Correva il 12 aprile del 1822 quando venne a mancare Carlo Benigni, originario di Fabriano ed eletto vescovo di Terni dal 27 giugno del 1796. Ancora oggi viene ricordato come il “vescovo del sacrificio”, perché fu proprio lo stesso Carlo Benigni a fronteggiare l’arrivo in città delle truppe di Napoleone. Un lavoro non di poco conto, soprattutto per un prete che dovette sopportare nel 1810 di tornare nelle Marche per un decreto dell’imperatore che stabiliva la soppressione di chiese, conventi e case religiose.

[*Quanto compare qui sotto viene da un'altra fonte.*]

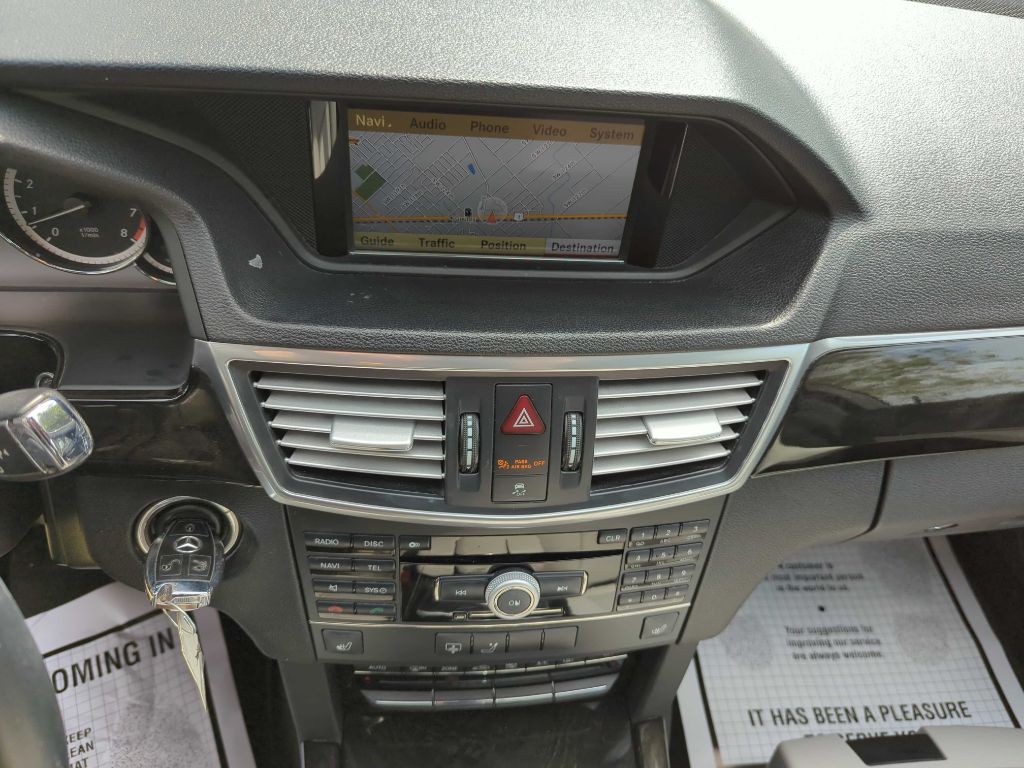 2010 Mercedes-Benz E-Class Image 18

Il vescovo Carlo Benigni rientrò a Terni solamente 4 anni dopo (una volta finita, dunque, l’avventura napoleonica) e come primo problema cercò di tornare in possesso dei beni della curia, venduti all’asta dal governo imperiale. Ne nacque una lunga negoziazione, e molte delle suppellettili preziose contenute nelle chiese e nei conventi non furono mai restituite.

A questo si aggiunse anche un problema “sociale”, che il vescovo tentò di combattere con ordinanze che ristabilivano le leggi canoniche contro i bestemmiatori e gli inosservanti delle feste.